▸ **Data provided**:

###

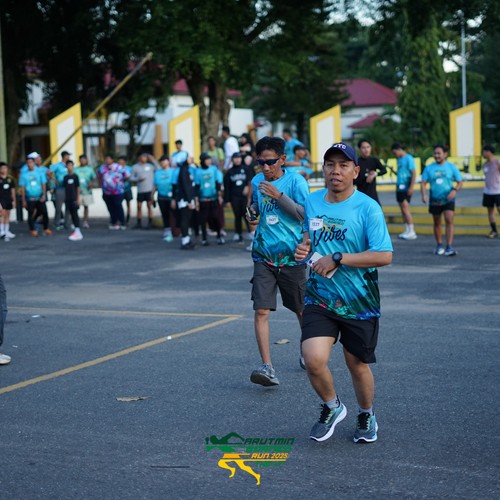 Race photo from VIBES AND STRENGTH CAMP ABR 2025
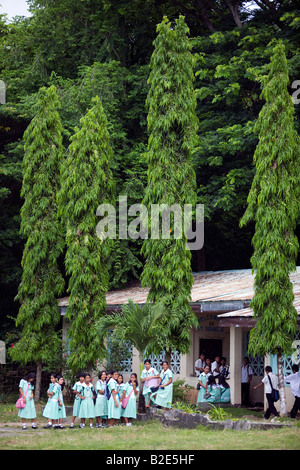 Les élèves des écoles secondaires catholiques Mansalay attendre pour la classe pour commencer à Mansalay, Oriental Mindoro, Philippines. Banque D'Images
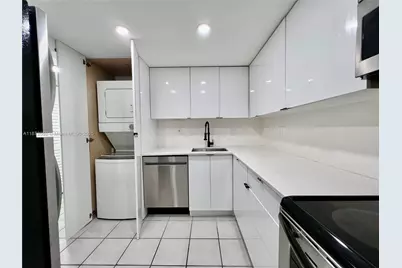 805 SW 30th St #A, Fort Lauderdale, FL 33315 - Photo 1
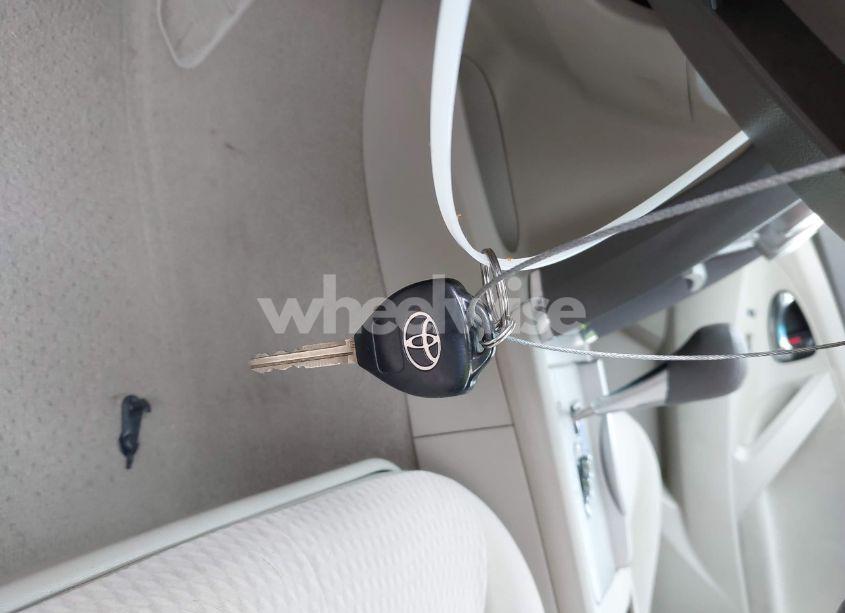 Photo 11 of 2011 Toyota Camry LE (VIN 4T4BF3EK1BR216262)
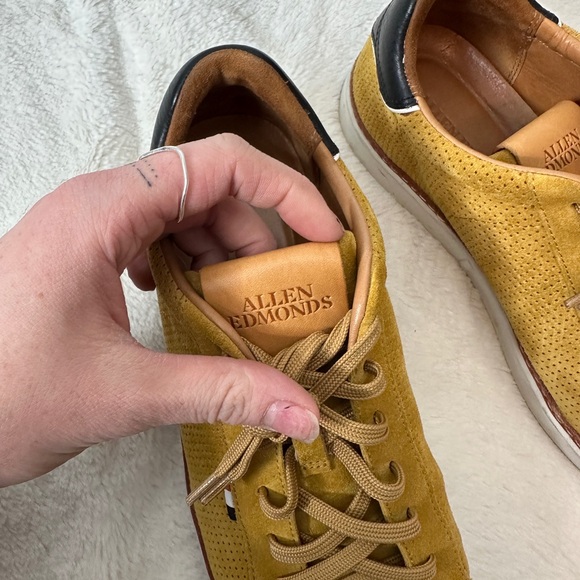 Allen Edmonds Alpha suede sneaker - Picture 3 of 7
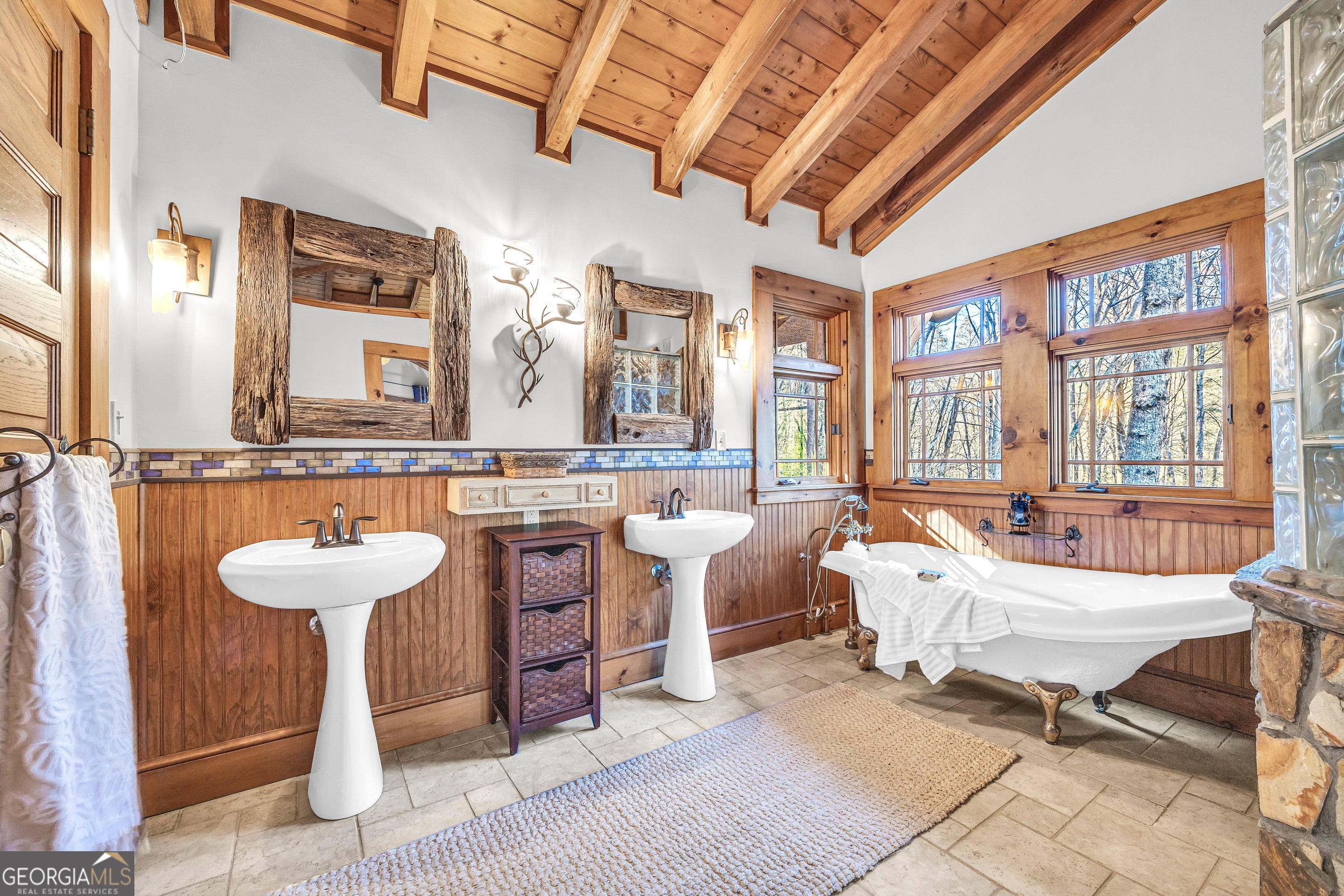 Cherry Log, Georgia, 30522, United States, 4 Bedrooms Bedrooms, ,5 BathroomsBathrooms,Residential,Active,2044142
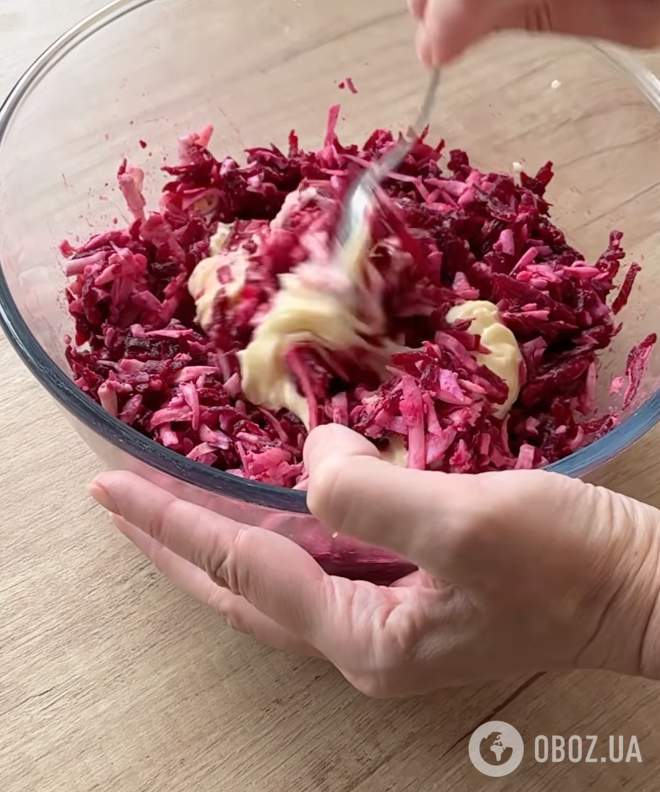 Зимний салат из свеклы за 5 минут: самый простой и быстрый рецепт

###

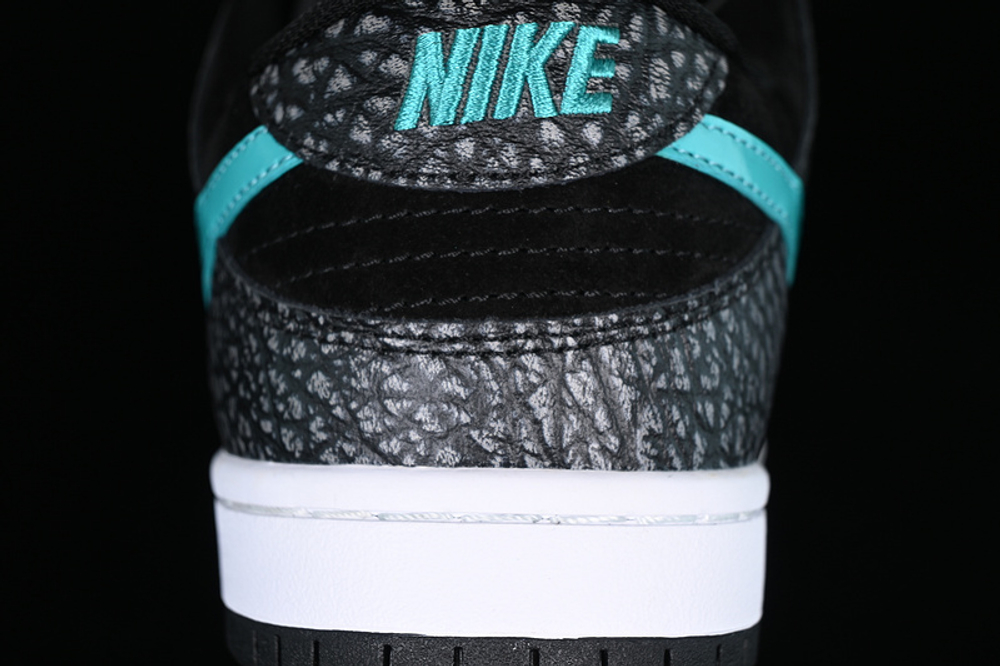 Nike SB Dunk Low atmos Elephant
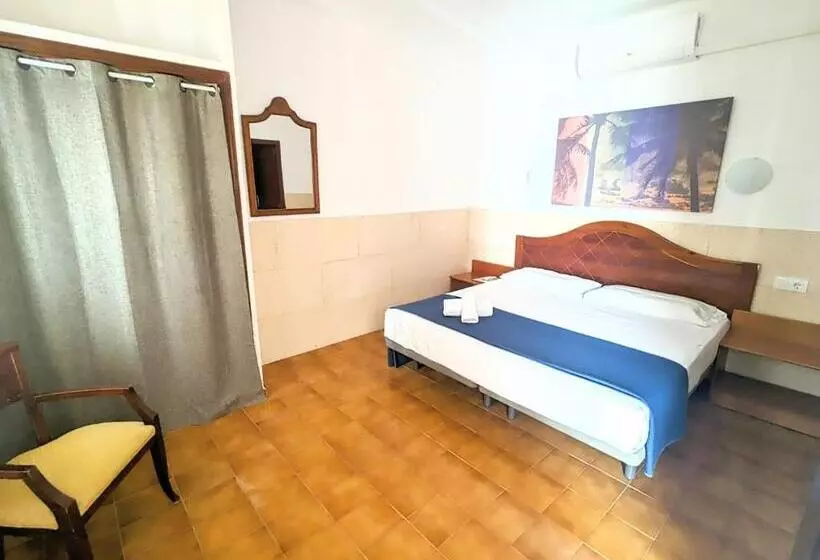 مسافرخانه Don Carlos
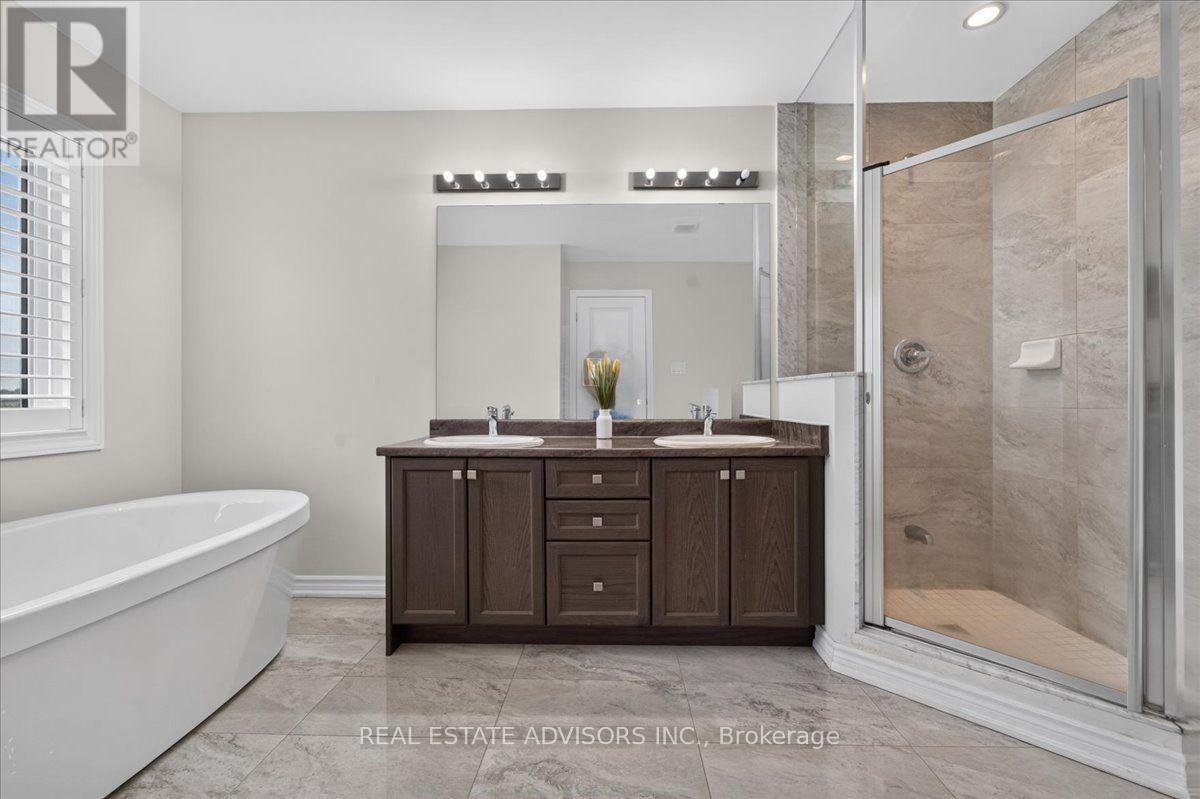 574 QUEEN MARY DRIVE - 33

###

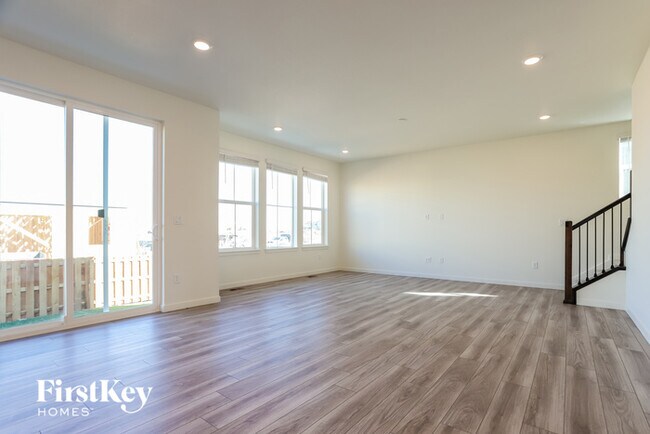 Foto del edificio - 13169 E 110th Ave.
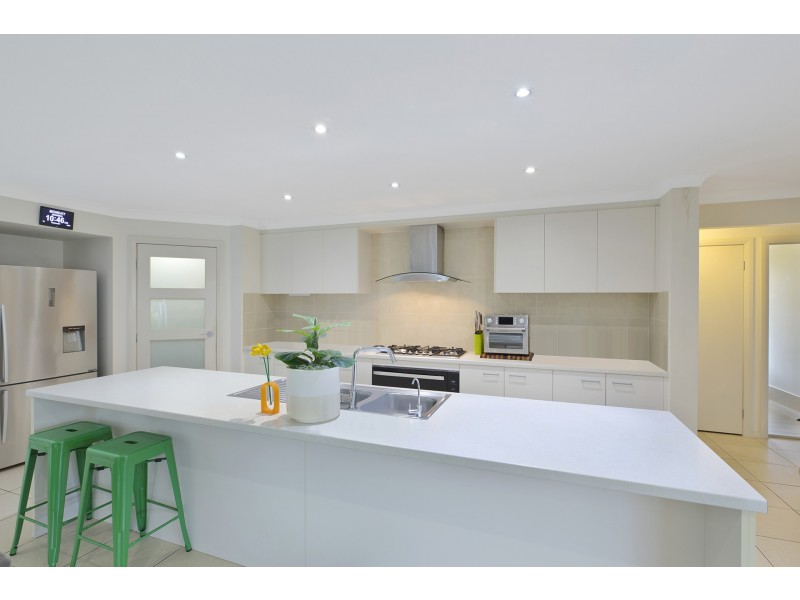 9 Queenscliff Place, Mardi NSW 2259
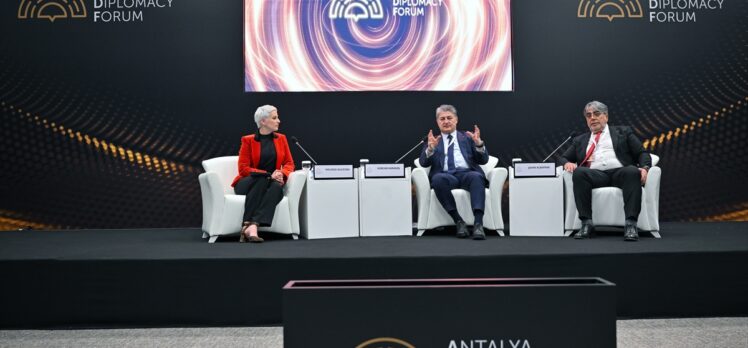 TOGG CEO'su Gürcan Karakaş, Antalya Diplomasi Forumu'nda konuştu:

###

▸ **What you should do**: Here the job is to copy the stretch of records from the line containing "Photo 11 of" through the line containing "Зимний салат из", word for word. Leave every picture out.

▸ **Answer for the task**:
 Photo 11 of 2011 Toyota Camry LE (VIN 4T4BF3EK1BR216262)
 Allen Edmonds Alpha suede sneaker - Picture 3 of 7
 Cherry Log, Georgia, 30522, United States, 4 Bedrooms Bedrooms, ,5 BathroomsBathrooms,Residential,Active,2044142
 Зимний салат из свеклы за 5 минут: самый простой и быстрый рецепт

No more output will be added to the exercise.